18/07/2013

Três motivos para crer

Tiago de Melo

Há clubes que estão mais acostumados a sofrer do que outros. Não apenas o sofrimento das derrotas ou das vitórias dos rivais, pois isso é algo que todo torcedor conhece. Mas há agremiações que sofrem mesmo quando ganham. E assim tem sido a vida do Atlético. Sofre até quando ganha. A explosão da vitória coroa horas de desespero, como aconteceu nos confrontos contra Tijuana e Newell's pela Libertadores. E o Galo precisará repetir a façanha para chegar ao almejado título continental.

E a partida não começou mal para o alvinegro mineiro. Ronaldinho e Jô estavam apagados, mas Tardelli tinha boa atuação e levava perigo à meta adversária. A defesa atleticana também sofria, em particular com a vantagem que Salgueiro levava sobre Pierre. Mas o jogo era de muita correria, com ambas as equipes atacando e levando perigo.

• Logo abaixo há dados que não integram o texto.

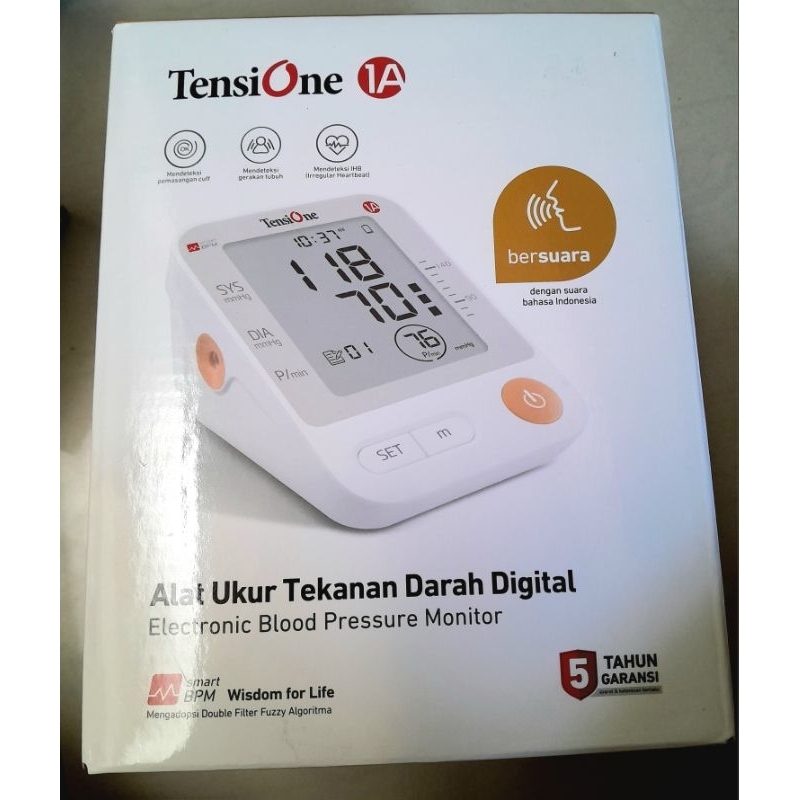 Alat Ukur Tekanan Darah Digital / Tensi Onemed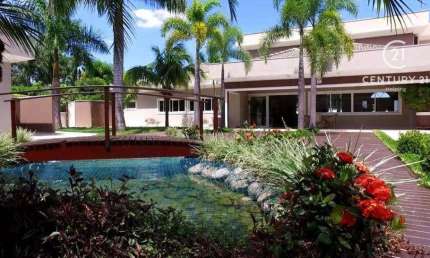 Casa com 6 dormitórios à venda, 1199 m² por R$ 4.800.000,00 - Condomínio Village Haras São Luiz - Salto/SP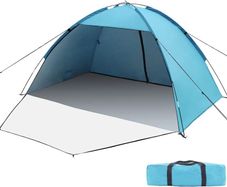 Beach Tent UV 50+ Sun Shelter - 1-3 Person - Brand New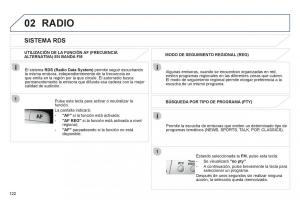 Peugeot-107-manual-del-propietario page 124 min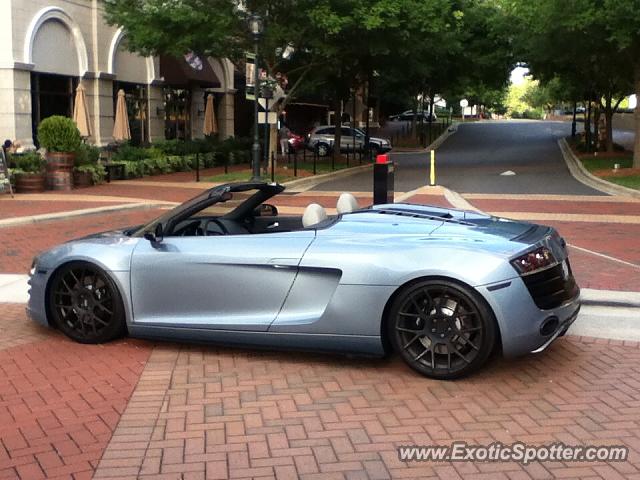 Audi R8 spotted in Charlotte, North Carolina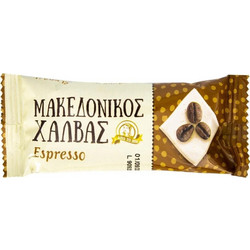 Χαλβάς Espresso χωρίς γλουτένη 40γρ - Μακεδονικός
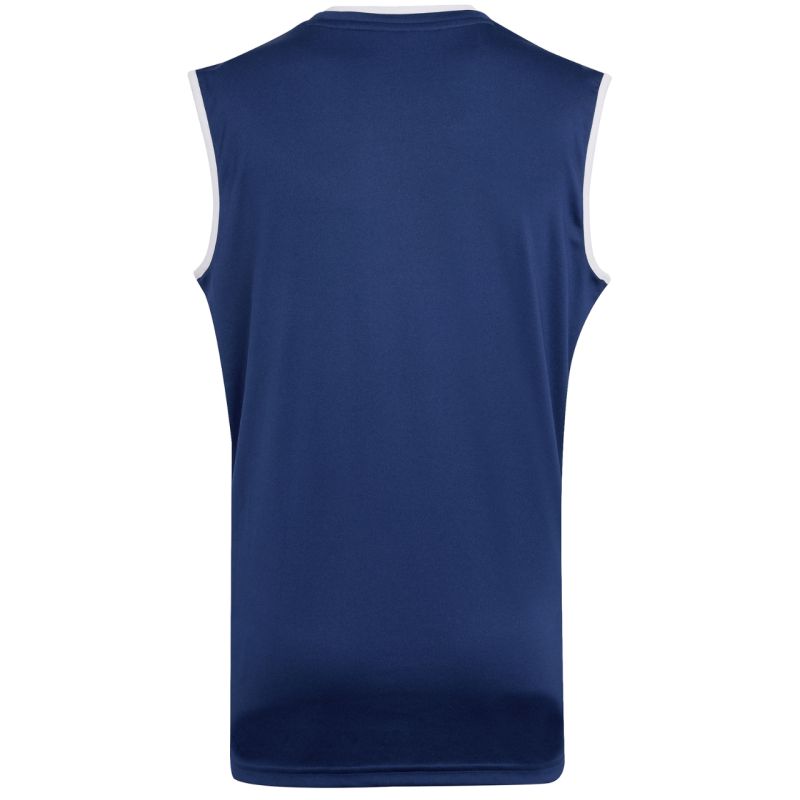 3. adidas Entrada 26 Sleeveless Jersey Kids' Shirt Navy KB3936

Mas aos 22 minutos a situação mudou, quando Alejandro Silva passou por Richarlyson, entrou na diagonal sem ser marcado e bateu para vencer Victor. O Olimpia, mais que abrir vantagem no placar, se tornou senhor do jogo. A segunda metade do primeiro tempo foi completamente controlada pelo Decano. Perdido em campo, o Galo deu graças a Deus quando o primeiro tempo terminou com a vantagem mínima para o rival.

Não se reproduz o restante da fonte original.